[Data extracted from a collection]
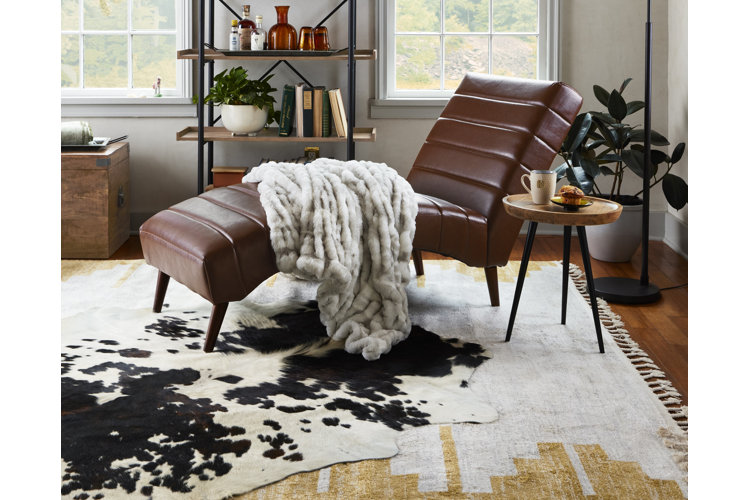 Cowgirl aesthetic room with a brown leather chaise lounge on top of a cowhide rug layered on top of a southwestern rug.
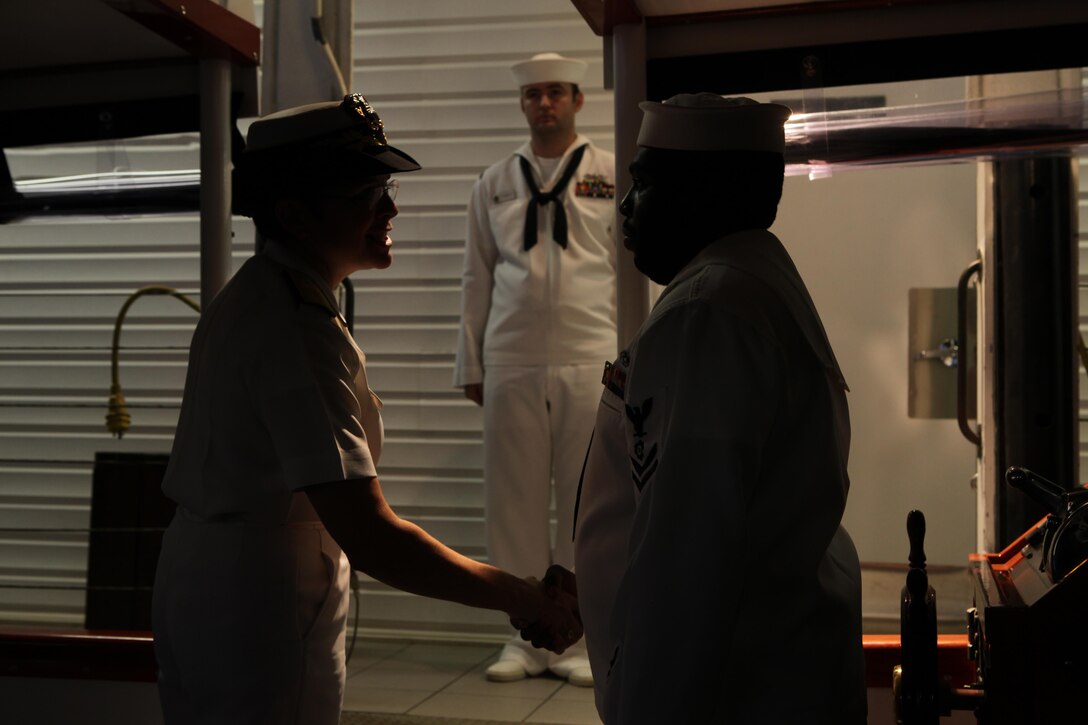 Petty Officer 1st class Scott Burroughs, a boatswains mate with U.S. Pacific Fleet, awaits Rear Adm. Margaret Grun Kibben, Chaplain of the Marine Corps (left), as she shakes hands with Petty Officer 2nd class Jon-Pierre Stewart, an engineer with PACFLT, before she disembarks the Remembrance barge at the end of the tour here Nov. 25. Members of the Chaplain Corps visited the USS Arizona Memorial in order to pay tribute to the fallen heroes who lost their lives during the attack on Pearl Harbor, Dec. 7, 1941.
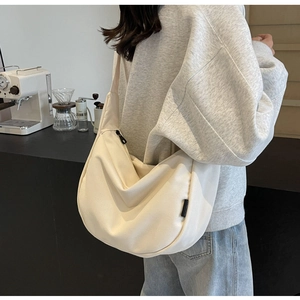 Detail of cream canvas crescent bag with black zipper and woven label on shoulder strap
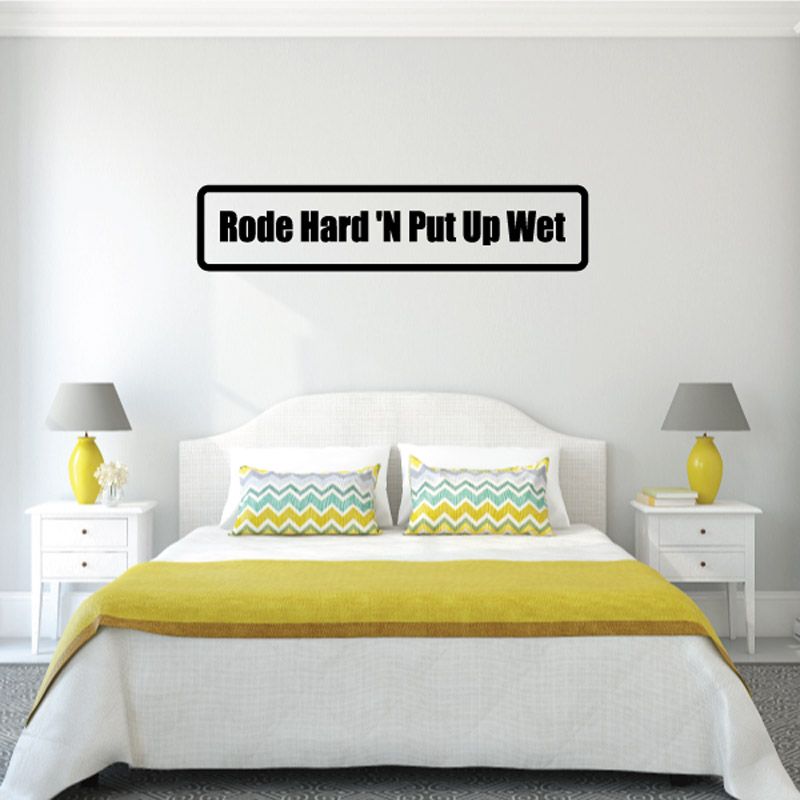 Rectangular black decal with white text: “Rode Hard 'N Put Up Wet”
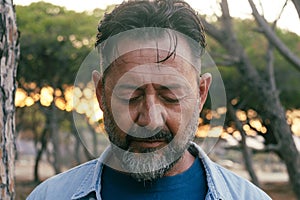 Sad man portrait expression face close up in outdoor park. One adult mature male people with closed eyes looking down. Problems on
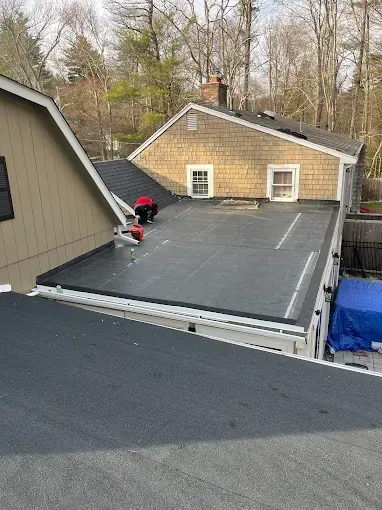 A black roof is being installed on the side of a house.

What you have to do: The copy starts at the line holding "Sad man portrait" and ends at the last line of the records above. Transcribe those lines exactly, pictures excluded.

Answer to the exercise:
 Sad man portrait expression face close up in outdoor park. One adult mature male people with closed eyes looking down. Problems on
 A black roof is being installed on the side of a house.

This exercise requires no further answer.